Publié à l'automne dernier, un rapport de l'ONU avait permis d'élucider comment le régime du président érythréen Issayas Afeworki, décrit par Amnistie internationale comme l'un des plus répressifs de l'Afrique de l'Est, arrivait à remplir ses coffres en partie grâce à cette « taxe à la diaspora ».

En effet, le consul de Toronto demande aux expatriés de payer une taxe correspondant à 2 % de leurs revenus, sous la menace de voir leur famille restée en Érythrée en payer le prix en cas de refus. Selon l'un de ces expatriés, rien n'a changé depuis l'avertissement d'Ottawa.

S'il ne payait pas son dû, l'homme affirme que sa famille en Érythrée aurait des ennuis.

Contributions illégales

Ces taxes exigées par le consulat de Toronto sont pourtant illégales depuis que l'ONU, appuyée notamment par le Canada, a adopté des sanctions contre l'Érythrée afin de limiter ses moyens de financement.

En 2012, le ministère des Affaires étrangères avait clairement averti le consul érythréen, basé à Ottawa, que de solliciter et de collecter des taxes était incompatible avec les droits et obligations d'un consulat.

La réponse était venue, par écrit, pour confirmer que ces activités cesseraient.

Des sources ont cependant révélé que le gouvernement canadien sait que le consulat perçoit toujours ces taxes illégales.

Le Service canadien du renseignement de sécurité (SCRS) serait en contact avec la communauté érythréenne à ce sujet, et une rencontre aurait été organisée entre le député conservateur Deepak Obhrai, deux fonctionnaires du ministère des Affaires étrangères et le porte-parole d'HIDMONA, une association canado-érythréenne manitobaine, sur les activités du consulat d'Asmara.

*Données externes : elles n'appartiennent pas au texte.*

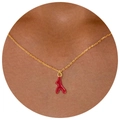 Gold O-chain necklace featuring a polished bright red coral-shaped pendant for women - Red Antler Necklace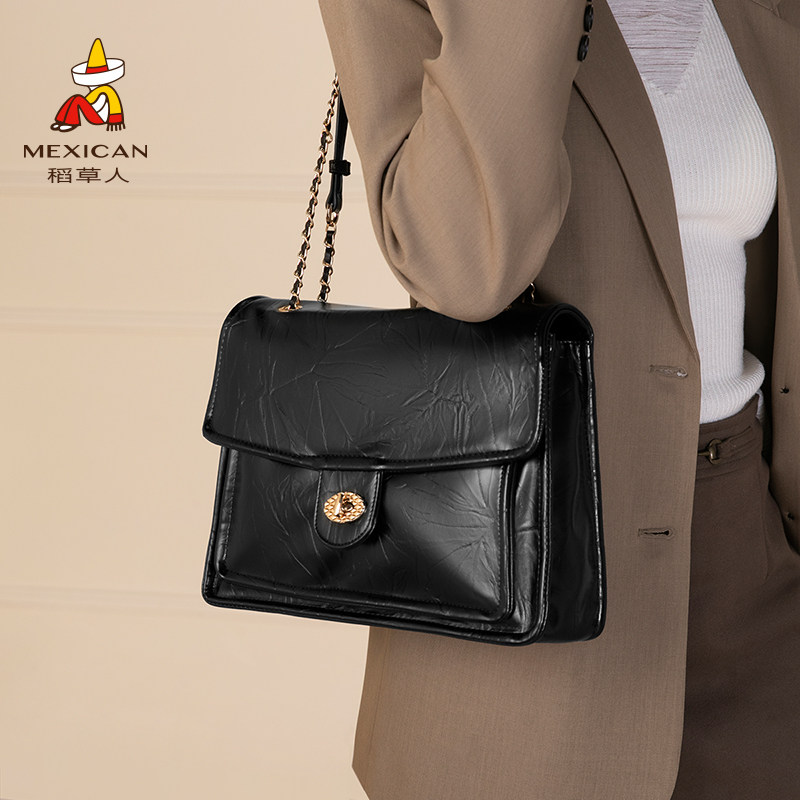 稻草人包包女新款斜挎包早秋链条小方包机车风质感单肩包通勤女包,箱包皮具/热销女包/男包,小方包,淘宝优惠券,粉丝福利购,淘宝优惠卷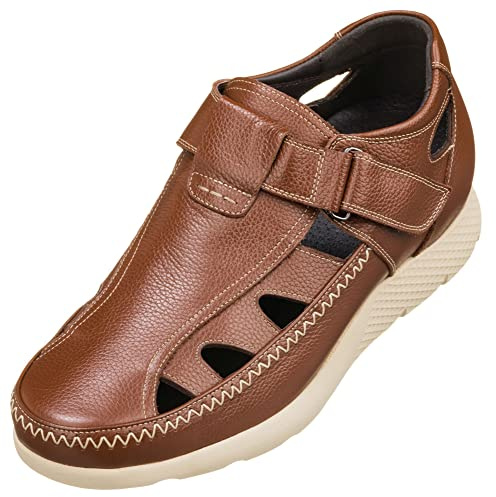CALTO Men's Invisible Height Increasing Elevator Shoes - Brown Premium Leather Lightweight Fisherman Sandals - 2.8 Inches Taller - K2133 - Size 9 D(M) US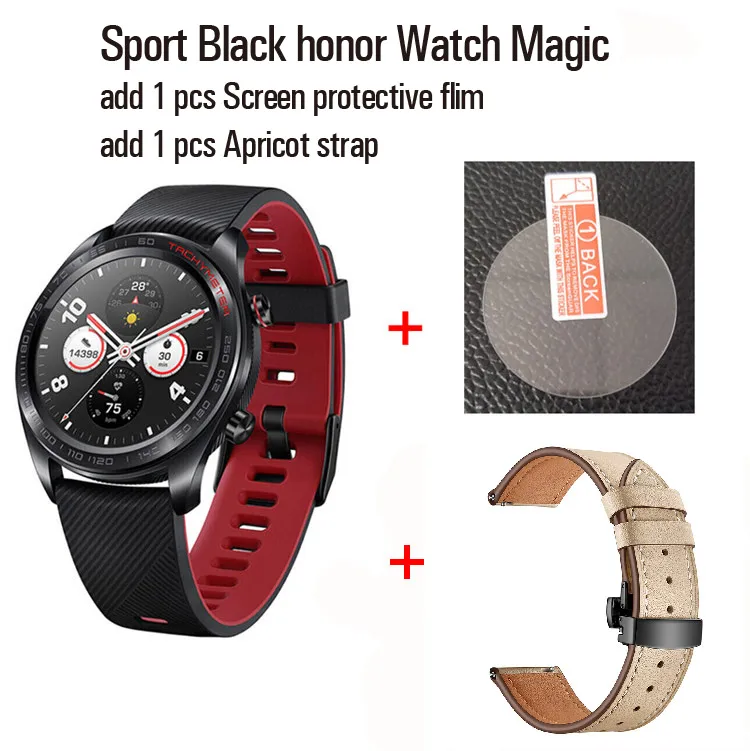 Huawei Honor Watch Волшебные Смарт-часы спортивные часы для сна для езды на велосипеде плавание горный gps 1," AMOLED цветной экран 390*390 часы - Цвет: Black n Film n Apric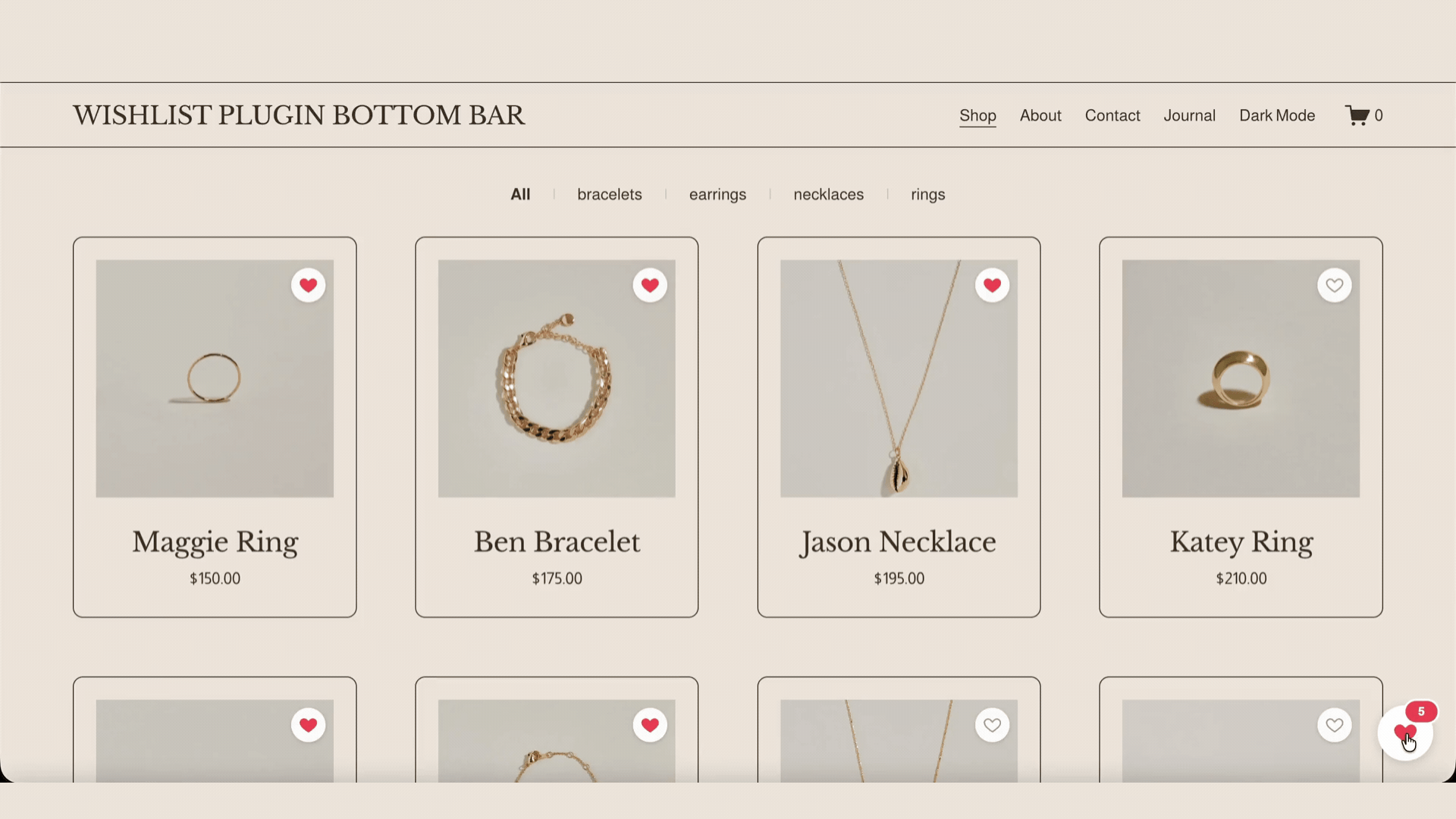 Wishlist bottom bar on a mobile Squarespace store showing the saved-item count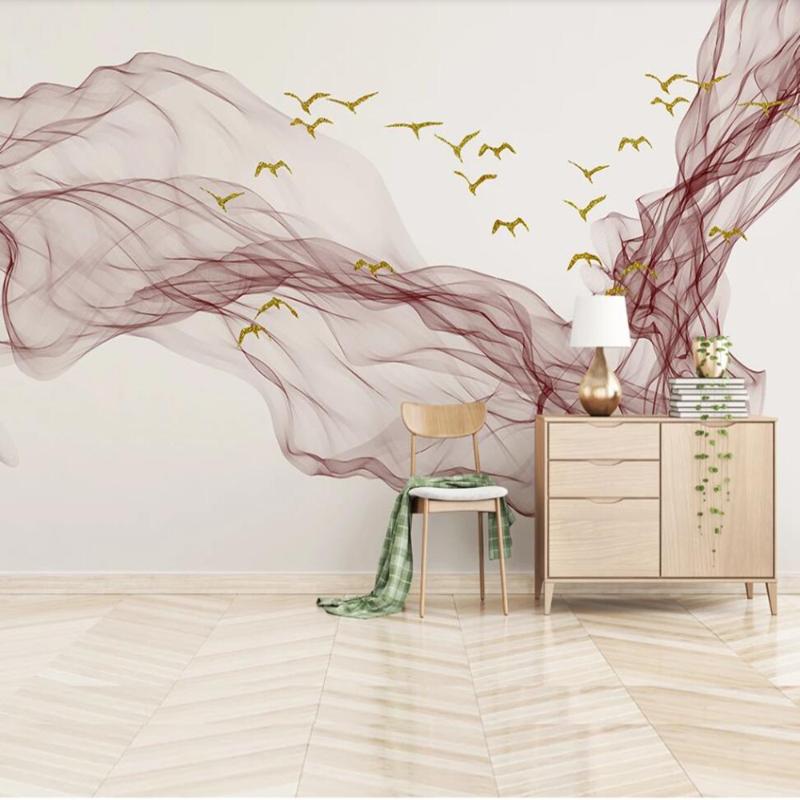 

Drop Shipping Custom Wallpaper Mural Abstract Ink Lines Landscape Decoration Painting TV Background Wall Decoration Wallpaper, As pic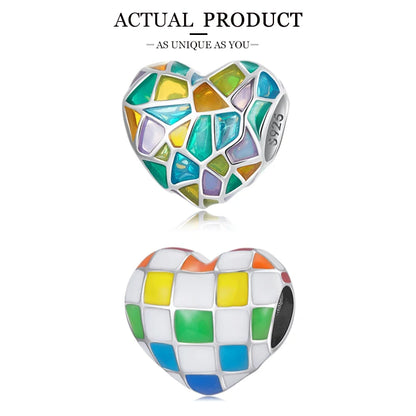 WOSTU Real 925 Sterling Silver Heart Pendents Gifts Charms Beads Fit Original DIY Bracelet Necklace Mother's Day Jewelry for Mom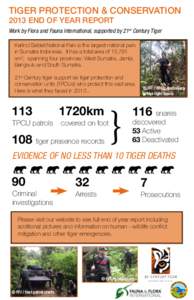 TIGER PROTECTION & CONSERVATION 2013 END OF YEAR REPORT Work by Flora and Fauna International, supported by 21st Century Tiger Kerinci Seblat National Park is the largest national park in Sumatra Indonesia. It has a tota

« Ils [les diplomates érythréens] ont déjà été avertis d'arrêter et ils ne l'ont pas fait, dit un avocat des droits de l'homme de Winnipeg, David Matas. Je pense qu'ils devraient être expulsés. Ils se moquent des autorités canadiennes. »

L'Érythrée, agent déstabilisateur

Les fonds ainsi récoltés par les consulats permettraient de soutenir des activités déstabilisatrices dans la corne de l'Afrique.

L'Érythrée, qui a obtenu son indépendance de l'Éthiopie en 1993, financerait des groupes rebelles armés, notamment en Somalie et au Soudan, indique un rapport de l'ONU.

« Si l'Érythrée réussit à tirer son épingle du jeu avec cette affaire, on va voir la Chine faire la même chose. Puis l'Iran. Et la Corée du Nord. Je pense qu'il faut faire des efforts pour arrêter ce système de financement, sinon il va se multiplier », prédit l'avocat David Maltas.